If your household includes a Roblox-obsessed kid (and statistically speaking, there's a decent chance it does), there's a platform update worth knowing about. Roblox is introducing two new account tiers specifically designed for its younger players, according to reporting by TechCrunch.
How the new tiers work
Children aged five to nine will be automatically placed into a "Roblox Kids" account, while players aged nine to 15 will land in a "Roblox Select" account. The idea is straightforward: rather than applying the same content and communication rules to a five-year-old and a fourteen-year-old, the platform tries to match the experience to the age group.

This kind of tiered approach is actually a pretty sensible response to one of the trickiest problems in kids' tech - the fact that a single platform can be home to wildly different users with very different needs. A first-grader and a high schooler are not the same person, and probably shouldn't be navigating the same digital environment.

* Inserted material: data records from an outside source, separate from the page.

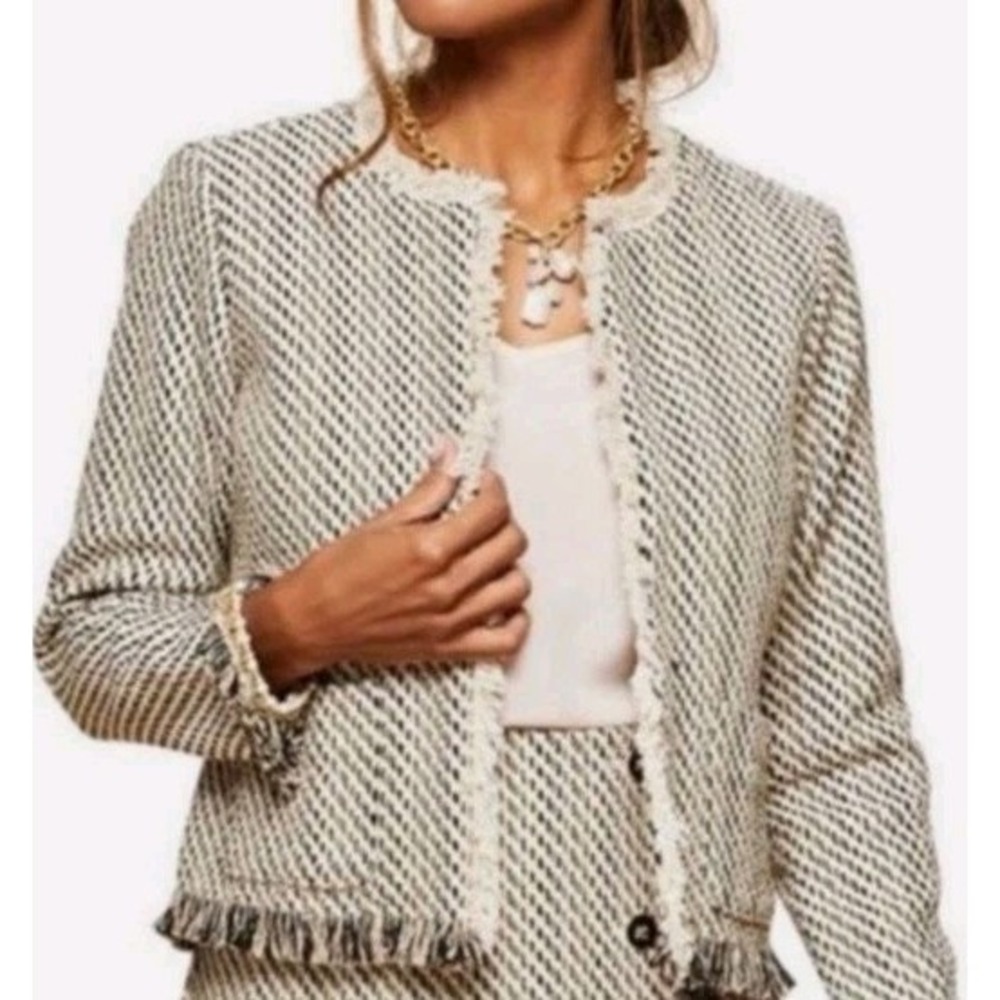 Spartina M Fringe Edge Tweed Boucle Jacket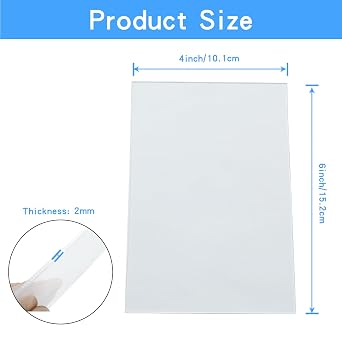 Hitefu 6 Pack Clear Acrylic Sheets 2mm Thick 4 x 6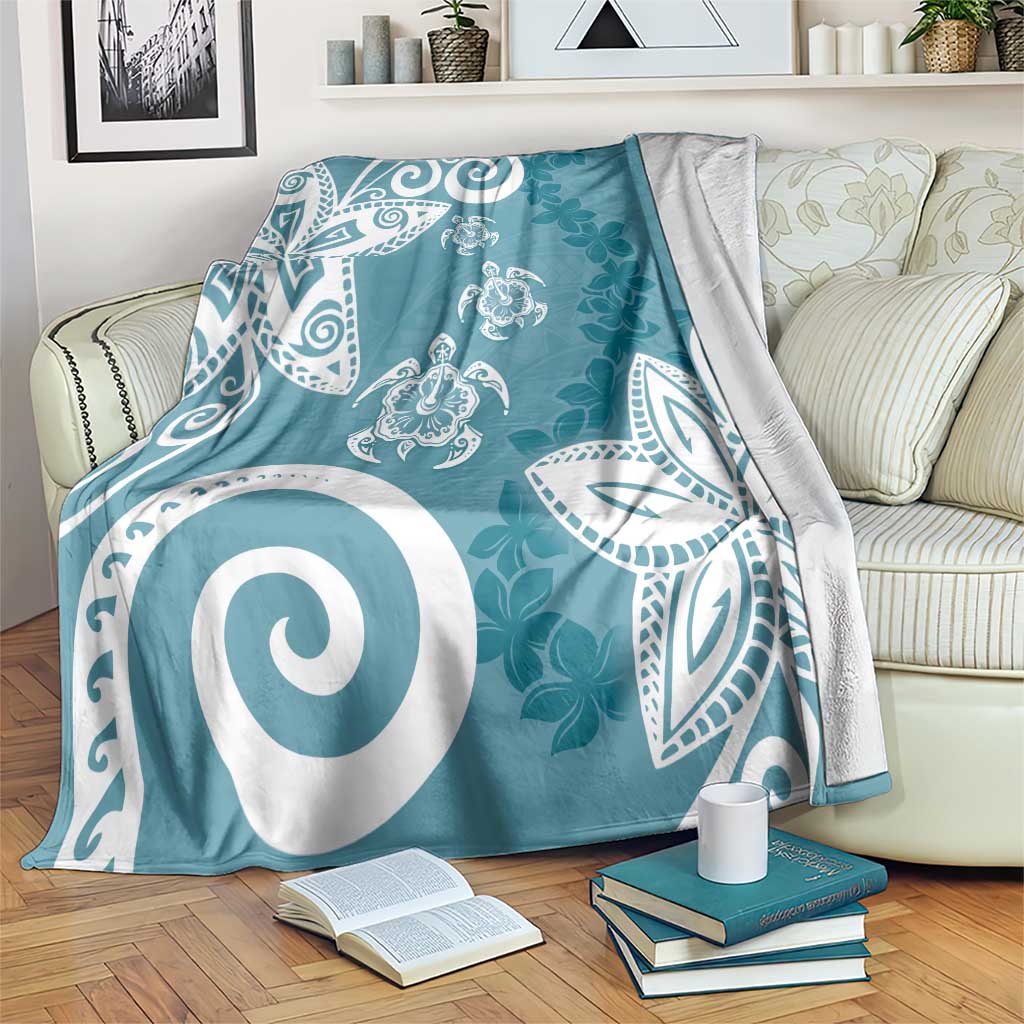 Polynesia Blanket Hippie Blue Tribal Turtle Floral Pattern
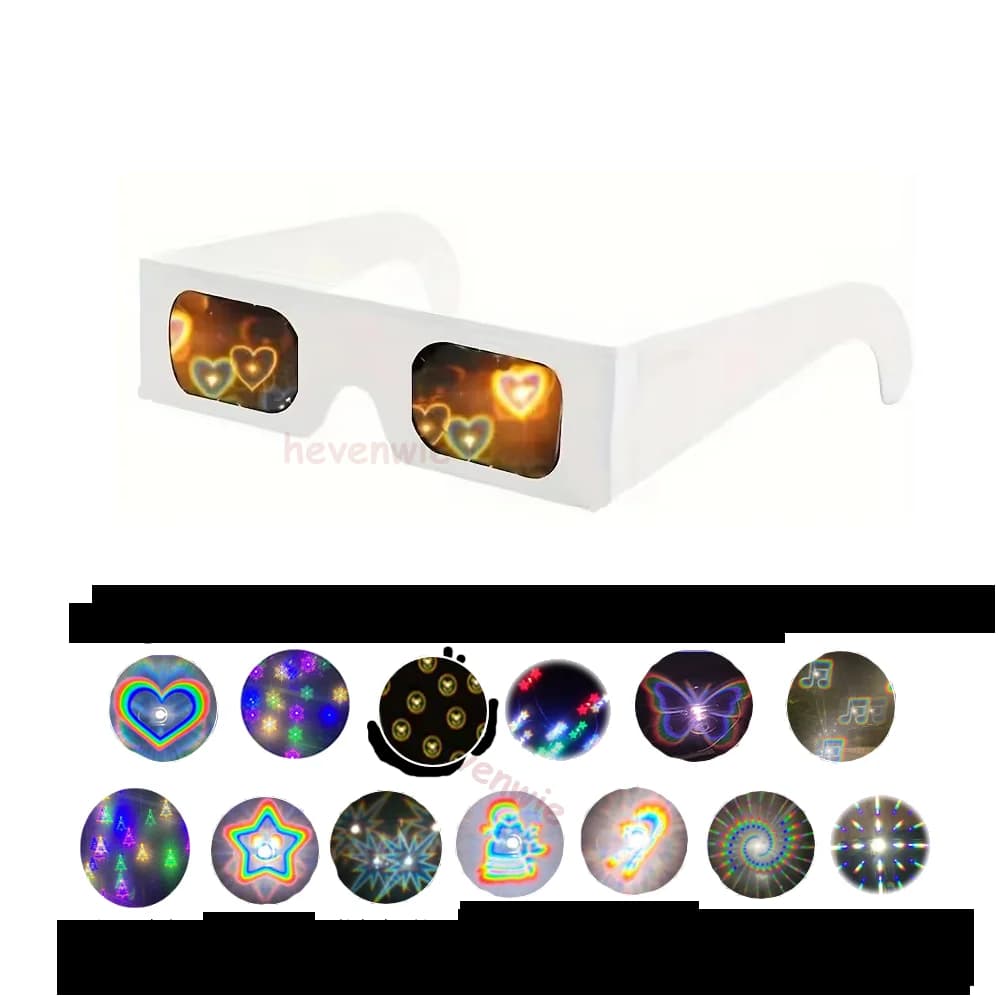 Occhiali per diffrazione con effetto prisma di carta 3D Rettangolo Arcobaleno Caleidoscopio Festival Stile Matrimoni Natale Rave Occhiali Capodanno
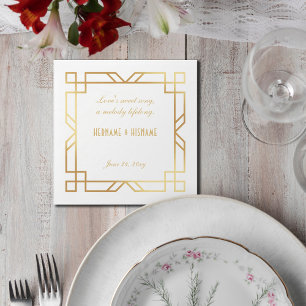 Personalised Art Deco Classic Gold Frame Quote Napkin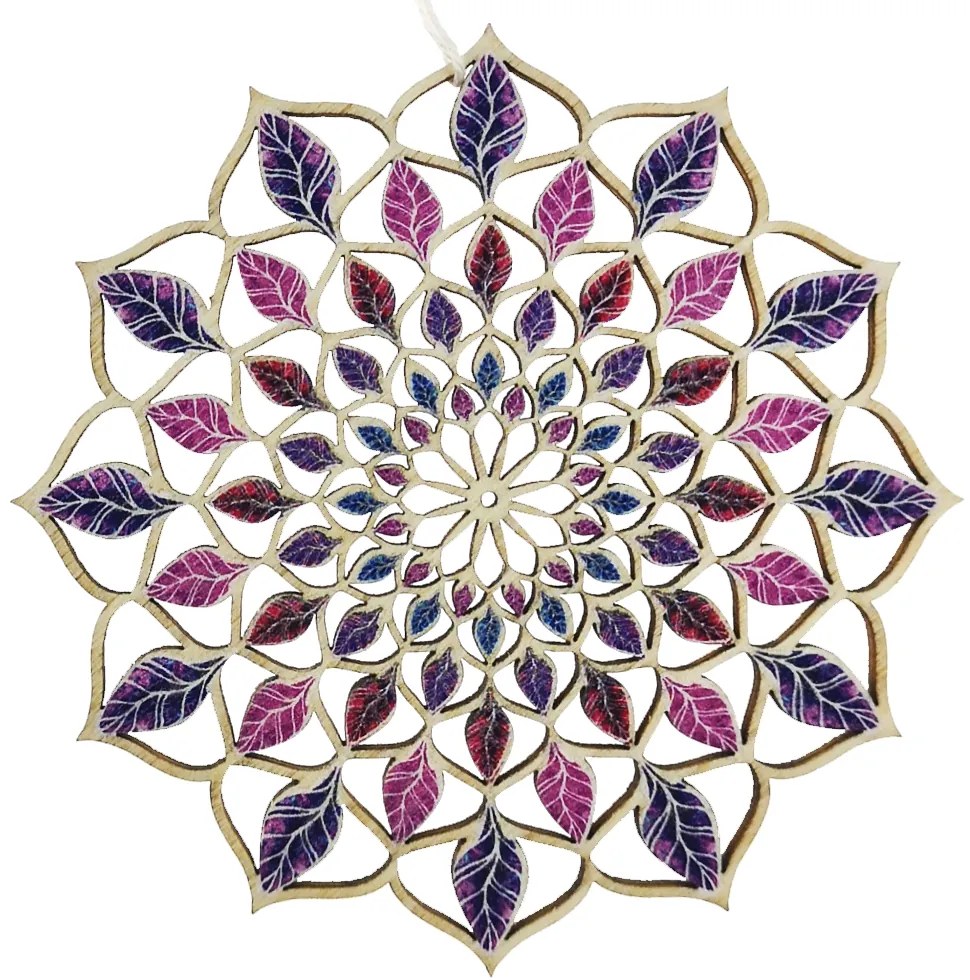 AMADEA Drevená dekorácia mandala farebná 9 cm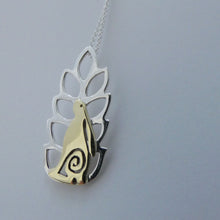 Load image into Gallery viewer, Wild Irish Hare in the Corn Pendant, Sterling Silver and Brass, Good Luck Jewellery, Nature Lover Pendant, Cute Rabbit Jewellery Gift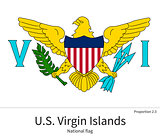 National flag of US Virgin Islands with correct proportions, element, colors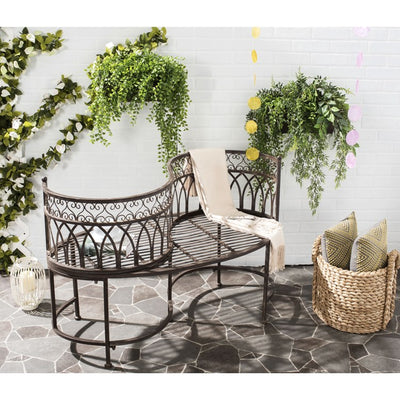 Lara Kissing Bench - Rustic Brown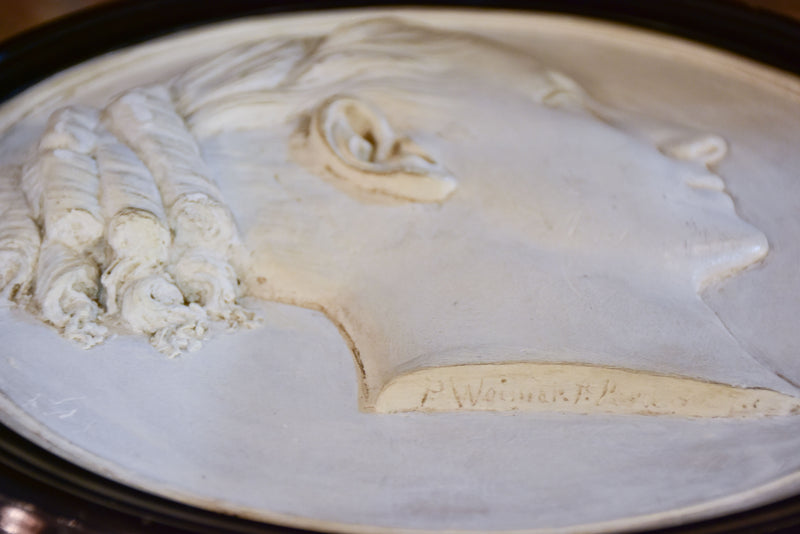 19th century Napoleon III plaster medallion - woman's profile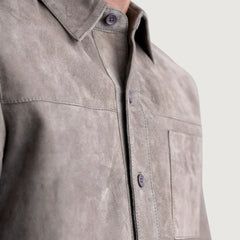 Zelean Grey Leather Shirt Jacket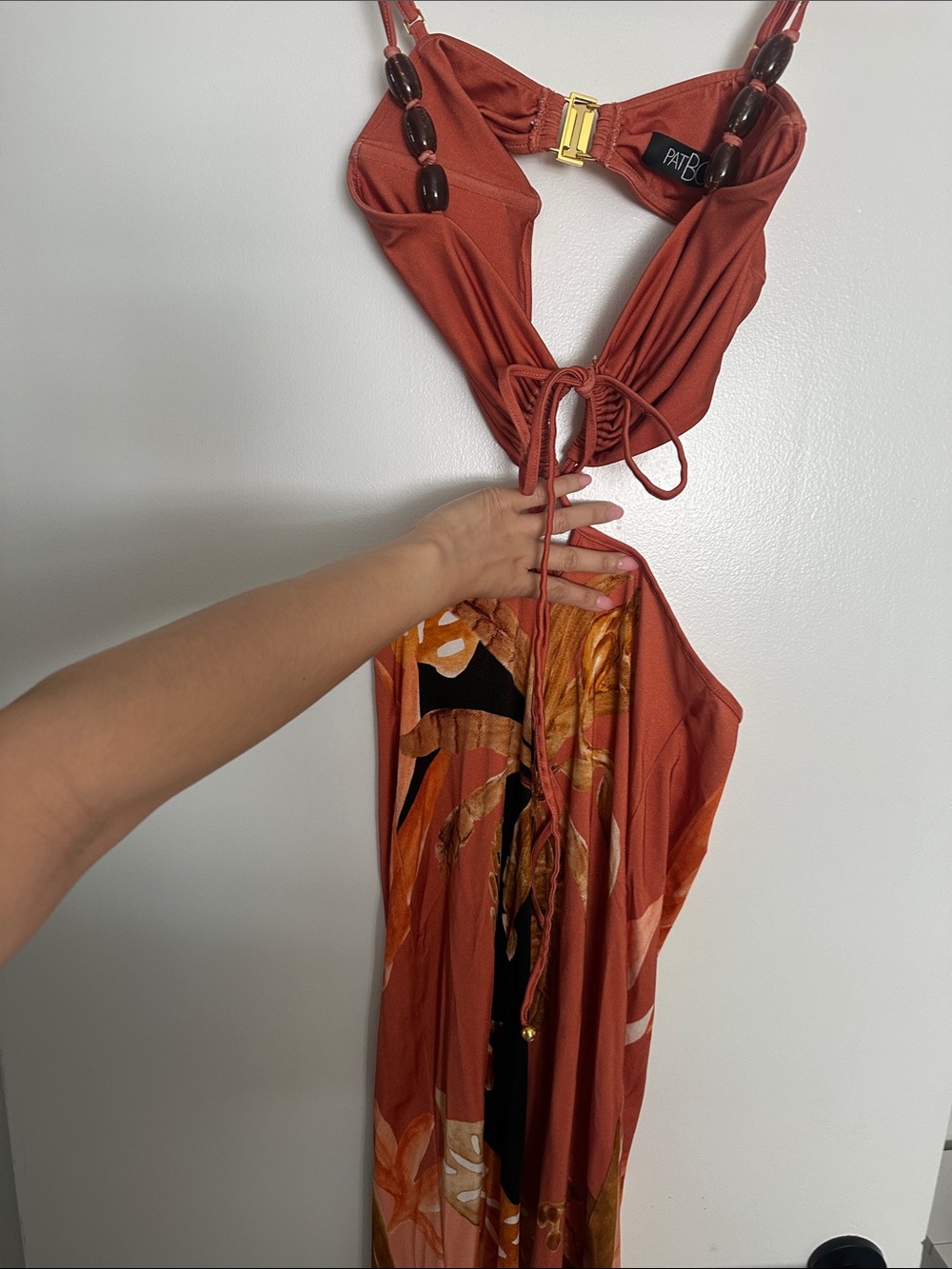 PatBO Rust-Brown Beaded Halter Top - Picture 2 of 8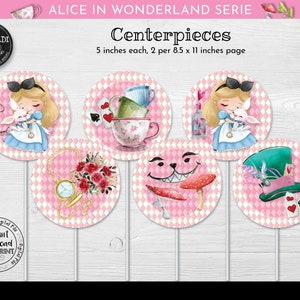 Alice in Wonderland Centerpieces Instant download Alice in Wonderland Decorations Alice in Wonderland Printable Birthday Party Supplies AWL1
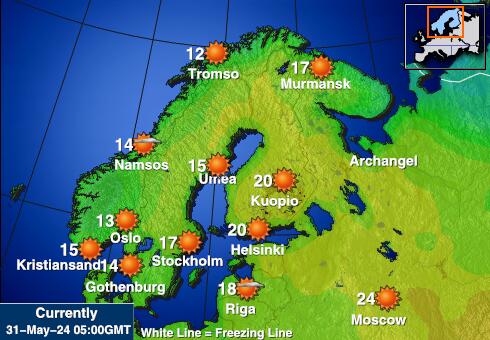 Svalbard Vejret temperatur kort 
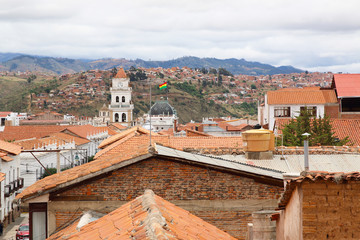 Skyline over Sucre, bolivia. Aerial view over the capital city.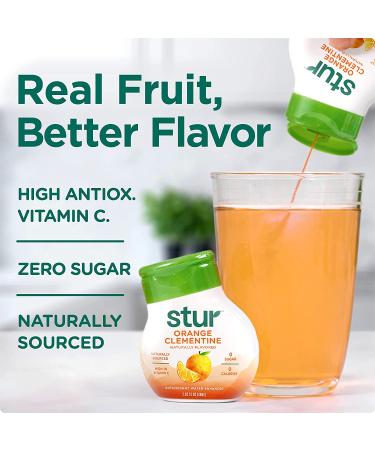 Stur Liquid Water Enhancer - Orange Clementine Flavor, Stevia Sweetened, High in Vitamin C & Antioxidants - Sugar Free, Zero Calories, Keto & Vegan - 5 Bottles (Makes 120 Drinks) - Buy Online on GoSupps.com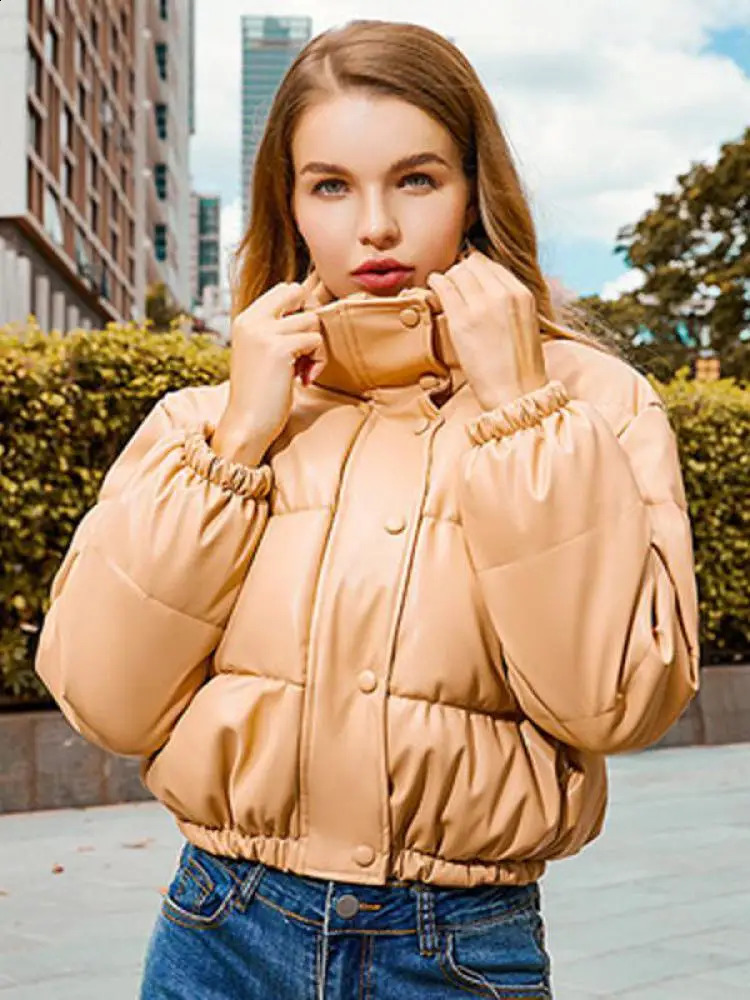 Winter Warm Thick PU Leather Coats Women Short Parkas Fashion Black Cotton Padded Lady Down Jacket Elegant Zipper Clothes 2024 240813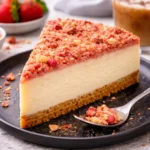 Erdbeer Crunch Käsekuchen mit frischen Erdbeeren und knusprigem Topping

Why this matters beyond Roblox
Roblox has faced ongoing scrutiny over child safety, and moves like this signal that major platforms are feeling real pressure to build age-appropriate experiences rather than treating all minors as one undifferentiated category. It also reflects a broader shift happening across tech - where regulators, parents, and advocacy groups are demanding more granular protections for young users.

For parents, the practical upshot is that account settings and restrictions should, in theory, now feel more relevant to your actual child rather than defaulting to either overly restrictive or surprisingly permissive rules across the board.
What to keep in mind
Automatic placement based on age is only as reliable as the birthday information on file. If your kid's account has a fudged or incorrect birth year - something that happens more often than platforms would like to admit - they may end up in the wrong tier. It's worth double-checking that the age listed on your child's account is accurate so the new system actually works as intended.
As always, no platform feature replaces the ongoing conversation about what kids are doing online. But a more thoughtful account structure is a step in the right direction - and one that parents navigating the Roblox universe will likely welcome.